Ценность этих упражнений в неправильной грамматике хотя бы в том, что возникает подозрение относительно идеологии самого нашего языка.

БЕЗ СЛОВ


Шумящая масса незнакомого языка образует прекрасную защиту, обволакивает иностранца (даже если эта страна и не является враждебной) звуковой оболочкой, блокирующей для него все различения, существующие в его родном языке: территориальное и социальное происхождение говорящего, уровень его культуры, образования, вкуса, образ, в рамках которого он подает себя как личность и с которым обязывает вас считаться. Какой отдых для того, кто оказался заграницей! Здесь я защищен от глупости, пошлости, тщеславия, манерности, национальности, нормальности. Незнакомый язык, дыхание или эмоциональное веяние — одним словом, чистую значимость — которого я между тем ощущаю, создает вокруг меня, по мере моих перемещений, легкое головокружение, вовлекает меня в свою искусственную пустоту, которая осуществляется лишь для меня одного: я живу в промежутке, свободном от всякой полноты смысла. Каким образом вы обходились там с языком? Подразумевается: Как вы обеспечивали эту жизненную необходимость в общении? или, точнее, то Идеологическое утверждение, которое опровергается непосредственным общением: коммуникация возможна только в речи.

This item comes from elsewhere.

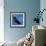 A Black Buzzard Flies Off-null-Framed Photographic Print displayed on a wall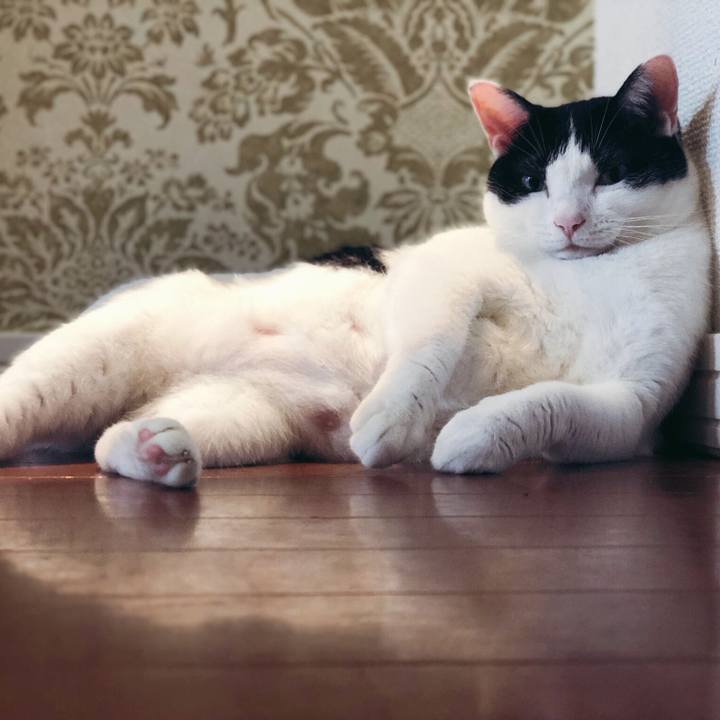 C58db7fb 9c3a 4b5b b239 2028e7b8bdd8 1567940598743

И вот оказывается, что в этой самой стране (Японии) империя означающих настолько широка, настолько превосходит речь, что обмен знаками сохраняет чарующие богатство, подвижность, утонченность, несмотря на непроницаемость языка, а иногда даже благодаря этой самой непроницаемости. Так происходит потому, что тело там существует, раскрывается, действует, отдается без истерии, без нарциссизма, но повинуясь чистому эротическому движению, хотя и тонко скрываемому. В общении задействован отнюдь не голос (с которым мы отождествляем «права» личности; да и что он может выражать? нашу душу — безусловно чистую? нашу искренность? наш престиж?), а все тело (глаза, улыбка, прядь волос, жест, одежда) обращается к вам с каким-то лепетом, инфантильность или отсталость которого полностью устраняется по мере овладевания культурными кодами. Разумеется, чтобы назначить встречу (при помощи жестов, рисунков, имен собственных), потребуется час. Но в течение этого часа, потраченного на сообщение, которое, будучи произнесено вслух, тотчас лишилось бы смысла (одновременно такое важное и ничего не значащее), все тело другого оказывается познанным, испробованным, принятым и развернувшим (без видимого конца) свой собственный рассказ, свой собственный текст.